The bill will protect veterans’ personal information in the Department of Veterans Affairs computer network according to a press release from Kirkpatrick’s office. This would allow the VA to improve information security without compromising the agency’s ability to provide healthcare, benefits and services to vets.
“My bill offers some common-sense steps we can take right away to protect veterans,” Kirkpatrick, who is Arizona’s only member of the House Veterans’ Affairs Committee, said. “By boosting oversight and accountability, we can empower the VA in its core mission of helping the men and women who have served our country.”

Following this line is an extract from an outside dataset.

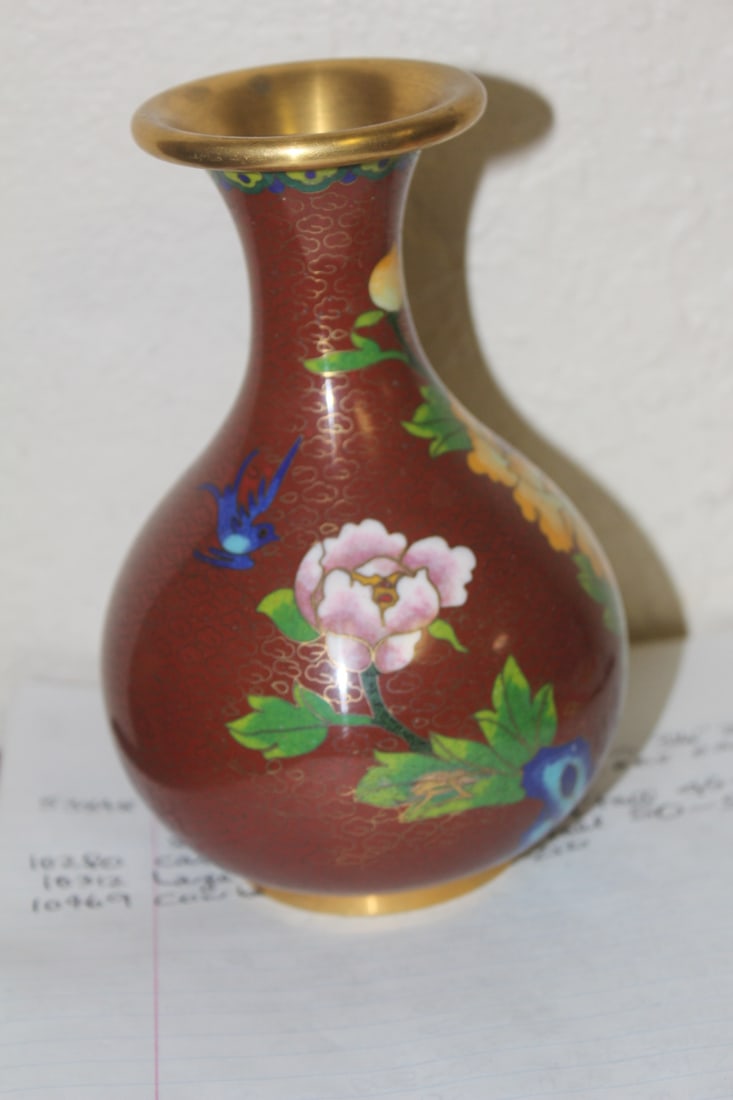 Chinese Cloisonne Tear Drop Vase - 2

Kirkpatrick, the ranking member of the Subcommittee on Oversight and Investigations, is directly connected to ensuring the VA is effective and accountable in handling the personal information of veterans’.
Her legislation, according to the release, would:
-- Ensure the VA follows current federal law and practices on information security mandated by other government agencies.
-- Require the VA to develop an Information Security Strategic Plan that protects current veterans’ information and anticipates future cybersecurity threats. The VA would be required to consult with agencies such as Defense and Homeland Security to establish best practices.
-- Require the VA to report to Congress on its progress in implementing the Information Security Strategic Plan, report VA employee violations of its policy, and report any incidents involving the compromise of veterans’ personal information either by the VA or from outside cyberattacks.